L’aveu de Grossman sur le génocide commis par Israël est la preuve qu’Israël ne rendra jamais justice
Alessandro Ferretti,
1/8/2025
Chercheur en
physique à l’Université de Turin et blogueur
L’interview de David Grossman dans laquelle le gourou du sionisme de gauche se décide enfin à admettre qu’Israël est en train de commettre un génocide n’est pas un repentir dicté par l’empathie pour les horreurs indescriptibles que sa patrie a infligées et continue d’infliger aux Palestiniens, mais un condensé d’autoréférentialité absolue, une tentative pathétique et cynique de sauver Israël des conséquences de ses crimes.

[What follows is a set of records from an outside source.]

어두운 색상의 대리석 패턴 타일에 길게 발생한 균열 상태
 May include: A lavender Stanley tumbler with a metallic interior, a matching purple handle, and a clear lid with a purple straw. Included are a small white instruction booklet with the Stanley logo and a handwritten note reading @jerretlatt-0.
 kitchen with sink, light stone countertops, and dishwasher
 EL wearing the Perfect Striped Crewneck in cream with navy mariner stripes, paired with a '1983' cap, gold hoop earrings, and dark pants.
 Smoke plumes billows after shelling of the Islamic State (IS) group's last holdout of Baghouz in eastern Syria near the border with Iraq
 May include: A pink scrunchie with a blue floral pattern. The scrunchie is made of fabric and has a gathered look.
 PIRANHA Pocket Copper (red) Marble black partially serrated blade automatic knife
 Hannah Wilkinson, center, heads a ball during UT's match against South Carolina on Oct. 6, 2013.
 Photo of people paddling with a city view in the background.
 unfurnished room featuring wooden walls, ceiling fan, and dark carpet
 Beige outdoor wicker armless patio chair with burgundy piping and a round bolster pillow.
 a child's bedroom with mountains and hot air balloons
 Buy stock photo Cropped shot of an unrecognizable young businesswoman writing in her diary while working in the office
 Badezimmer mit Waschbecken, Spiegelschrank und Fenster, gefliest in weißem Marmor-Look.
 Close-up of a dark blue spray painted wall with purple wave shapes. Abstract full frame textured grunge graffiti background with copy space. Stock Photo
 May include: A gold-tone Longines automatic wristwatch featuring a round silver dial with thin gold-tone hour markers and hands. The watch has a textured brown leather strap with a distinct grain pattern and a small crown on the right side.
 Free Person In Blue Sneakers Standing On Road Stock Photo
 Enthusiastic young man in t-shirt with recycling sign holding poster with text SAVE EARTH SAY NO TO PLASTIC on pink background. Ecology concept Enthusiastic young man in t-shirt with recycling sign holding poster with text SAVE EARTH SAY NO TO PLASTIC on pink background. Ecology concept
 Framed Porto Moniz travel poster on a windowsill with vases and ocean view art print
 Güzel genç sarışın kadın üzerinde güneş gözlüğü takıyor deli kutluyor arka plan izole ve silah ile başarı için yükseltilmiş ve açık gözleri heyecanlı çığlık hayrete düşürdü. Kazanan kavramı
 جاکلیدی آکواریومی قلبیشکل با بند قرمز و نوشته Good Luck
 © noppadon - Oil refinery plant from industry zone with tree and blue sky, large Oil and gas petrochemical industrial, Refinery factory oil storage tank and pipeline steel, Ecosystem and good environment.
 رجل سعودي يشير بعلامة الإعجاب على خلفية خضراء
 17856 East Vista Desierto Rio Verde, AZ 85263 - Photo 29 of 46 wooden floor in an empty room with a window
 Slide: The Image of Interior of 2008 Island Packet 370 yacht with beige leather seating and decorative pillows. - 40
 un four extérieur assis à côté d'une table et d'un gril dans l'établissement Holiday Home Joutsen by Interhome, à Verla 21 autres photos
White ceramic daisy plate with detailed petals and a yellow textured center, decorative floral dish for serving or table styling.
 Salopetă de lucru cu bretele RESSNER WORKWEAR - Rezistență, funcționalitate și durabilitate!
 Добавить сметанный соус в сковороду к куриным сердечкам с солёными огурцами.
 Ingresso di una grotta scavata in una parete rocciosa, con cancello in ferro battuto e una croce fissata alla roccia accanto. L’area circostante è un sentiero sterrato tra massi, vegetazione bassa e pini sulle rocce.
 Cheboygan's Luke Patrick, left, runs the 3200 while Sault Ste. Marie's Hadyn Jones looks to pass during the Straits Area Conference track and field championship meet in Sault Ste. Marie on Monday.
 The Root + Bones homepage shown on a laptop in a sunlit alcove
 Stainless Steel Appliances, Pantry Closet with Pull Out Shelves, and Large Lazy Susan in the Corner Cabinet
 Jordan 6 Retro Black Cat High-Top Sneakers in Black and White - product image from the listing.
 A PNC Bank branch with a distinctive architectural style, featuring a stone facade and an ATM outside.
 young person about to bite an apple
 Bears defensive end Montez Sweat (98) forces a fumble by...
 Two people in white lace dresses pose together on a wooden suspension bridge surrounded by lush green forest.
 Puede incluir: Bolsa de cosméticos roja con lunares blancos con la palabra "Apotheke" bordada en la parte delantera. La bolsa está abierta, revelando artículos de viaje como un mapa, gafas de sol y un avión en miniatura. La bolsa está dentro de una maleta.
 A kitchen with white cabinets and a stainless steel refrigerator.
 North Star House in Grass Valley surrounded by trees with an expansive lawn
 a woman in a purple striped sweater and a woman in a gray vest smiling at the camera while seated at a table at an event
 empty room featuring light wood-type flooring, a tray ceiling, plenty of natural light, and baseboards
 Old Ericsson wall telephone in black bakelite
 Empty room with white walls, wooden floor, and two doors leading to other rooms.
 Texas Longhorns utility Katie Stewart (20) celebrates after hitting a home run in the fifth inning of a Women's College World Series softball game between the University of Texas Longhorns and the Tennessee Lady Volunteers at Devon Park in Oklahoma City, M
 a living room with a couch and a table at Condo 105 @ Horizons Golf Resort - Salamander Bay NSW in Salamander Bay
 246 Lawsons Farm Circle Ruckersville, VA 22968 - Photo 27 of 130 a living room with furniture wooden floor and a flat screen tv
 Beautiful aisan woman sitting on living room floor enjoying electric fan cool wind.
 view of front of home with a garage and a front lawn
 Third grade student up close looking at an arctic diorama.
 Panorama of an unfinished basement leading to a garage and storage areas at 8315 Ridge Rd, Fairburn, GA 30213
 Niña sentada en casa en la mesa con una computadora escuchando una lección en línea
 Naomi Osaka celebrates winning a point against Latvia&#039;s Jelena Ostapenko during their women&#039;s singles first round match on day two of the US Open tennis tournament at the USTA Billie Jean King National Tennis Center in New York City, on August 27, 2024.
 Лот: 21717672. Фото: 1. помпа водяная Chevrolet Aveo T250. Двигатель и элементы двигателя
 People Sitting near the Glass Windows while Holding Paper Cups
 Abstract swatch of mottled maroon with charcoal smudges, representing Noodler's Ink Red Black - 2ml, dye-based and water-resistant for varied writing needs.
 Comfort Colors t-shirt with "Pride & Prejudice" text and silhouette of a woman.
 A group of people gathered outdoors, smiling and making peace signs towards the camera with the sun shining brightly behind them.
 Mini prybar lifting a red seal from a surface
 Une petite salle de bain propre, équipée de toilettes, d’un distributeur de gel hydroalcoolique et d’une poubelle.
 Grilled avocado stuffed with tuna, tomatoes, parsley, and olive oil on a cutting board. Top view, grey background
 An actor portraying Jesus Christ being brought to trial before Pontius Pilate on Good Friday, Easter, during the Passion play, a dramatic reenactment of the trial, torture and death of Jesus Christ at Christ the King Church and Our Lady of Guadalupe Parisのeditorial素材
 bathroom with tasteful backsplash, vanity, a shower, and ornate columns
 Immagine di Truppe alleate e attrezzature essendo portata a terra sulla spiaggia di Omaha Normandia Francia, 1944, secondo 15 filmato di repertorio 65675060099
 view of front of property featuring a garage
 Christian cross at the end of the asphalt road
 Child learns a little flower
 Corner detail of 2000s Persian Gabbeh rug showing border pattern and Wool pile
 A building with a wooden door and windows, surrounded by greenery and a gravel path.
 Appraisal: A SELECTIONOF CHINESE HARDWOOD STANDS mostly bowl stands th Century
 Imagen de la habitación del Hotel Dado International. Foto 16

Bien qu’il avoue savoir qu’Israël commet des crimes innommables, il n’exprime jamais de douleur pour les victimes, mais seulement de l’inquiétude pour Israël et pour l’impasse dans laquelle il s’est fourré, en essayant de sauver tout ce qui peut être sauvé de l’entreprise sioniste. Cette priorité est évidente dans tous les points de l’interview : « Je veux parler comme quelqu’un qui a fait tout ce qu’il pouvait pour ne pas en arriver à qualifier Israël d’État génocidaire ». À la question « que faire », sa réponse n’est pas « arrêter le génocide et rendre liberté et justice aux victimes », mais « nous devons trouver un moyen de sortir de cette association entre Israël et le génocide. Avant tout, nous ne devons pas permettre à ceux qui ont des sentiments antisémites d’utiliser et de manipuler le mot « génocide » ».
En outre, il
réitère sans vergogne des récits totalement faux et tendancieux, comme celui
selon lequel le Hamas aurait eu la possibilité de transformer Gaza en un jardin
des délices, et tout en se déclarant à contrecœur favorable à la solution à
deux États comme « seule possibilité », il a l’arrogance d’ajouter : « Il est
clair qu’il devra y avoir des conditions très précises : pas d’armes. Et la
garantie d’élections transparentes dont seront exclus tous ceux qui envisagent
d’utiliser la violence contre Israël ». En pratique, sa solution est un bantoustan
sans défense, sous tutelle et à souveraineté limitée, présenté de surcroît
comme un cadeau généreux.
En somme, si l’on pouvait
auparavant justifier son attitude par le doute qu’il n’ait pas compris ce qui
se passait, il est désormais malheureusement incontestable que Grossman est une
personne émotionnellement lobotomisée, dépourvue d’empathie, horrible et
corrompu jusqu’à la moelle, et si Grossman est représentatif de la grande
majorité de l’opposition à Netanyahu, alors nous avons une nouvelle
confirmation qu’il n’y a aucun espoir à court terme qu’Israël reconnaisse de
lui-même ses crimes et rende leur dignité et leur indépendance aux
Palestiniens. Au lieu de démontrer qu’Israël comprendra et reviendra sur ses
pas, cette interview prouve le contraire : seules des sanctions politiques,
diplomatiques et économiques pourront mettre fin au massacre et rétablir la
justice, et le seul moyen d’y parvenir est d’agir à la base contre les
gouvernements (comme celui de l’Italie) qui continuent de rendre possible l’horreur.